**Data provided:**
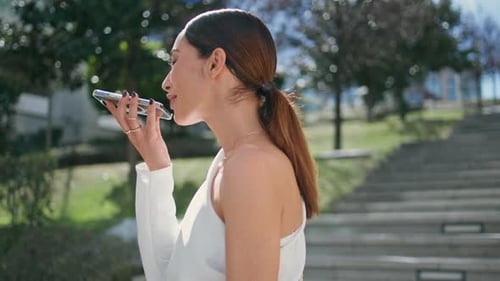 Smiling Girl Recording Audio Message on Modern Smartphone Standing Sunny Street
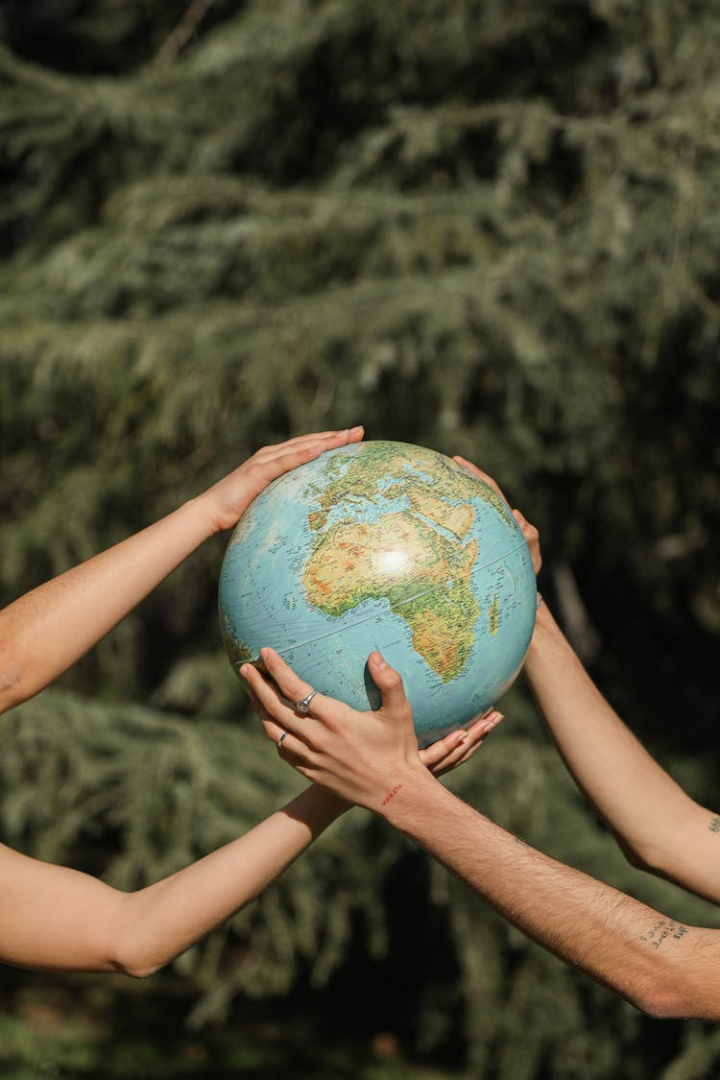 conceptual,couple,earth,earth day,eco friendly,ecology,environmental conservation,environmentalist,globe,hands,holding,mothernature,outdoors,photoshoot,planet,round,sphere,travel,vertical shot
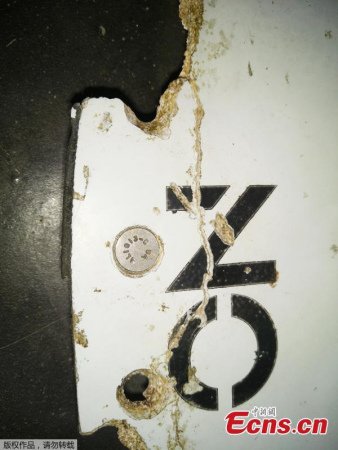 Possible debris from missing Malaysia Airlines Flight MH370 has been found off Mozambique on a sandbank in the Mozambique Channel �� the body of water between Mozambique in eastern Africa and Madagascar. The object has the words NO STEP on it and could be from the plane's horizontal stabilizer �� the wing-like parts attached to the tail, sources say. It was discovered by an American who has been blogging about the search for MH370.(Photo provided to China News Service)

**Aim of the task:** When a line carries an image, skip the image and repeat everything else above exactly as written.

**Written answer:**
 Smiling Girl Recording Audio Message on Modern Smartphone Standing Sunny Street
 conceptual,couple,earth,earth day,eco friendly,ecology,environmental conservation,environmentalist,globe,hands,holding,mothernature,outdoors,photoshoot,planet,round,sphere,travel,vertical shot
 Possible debris from missing Malaysia Airlines Flight MH370 has been found off Mozambique on a sandbank in the Mozambique Channel �� the body of water between Mozambique in eastern Africa and Madagascar. The object has the words NO STEP on it and could be from the plane's horizontal stabilizer �� the wing-like parts attached to the tail, sources say. It was discovered by an American who has been blogging about the search for MH370.(Photo provided to China News Service)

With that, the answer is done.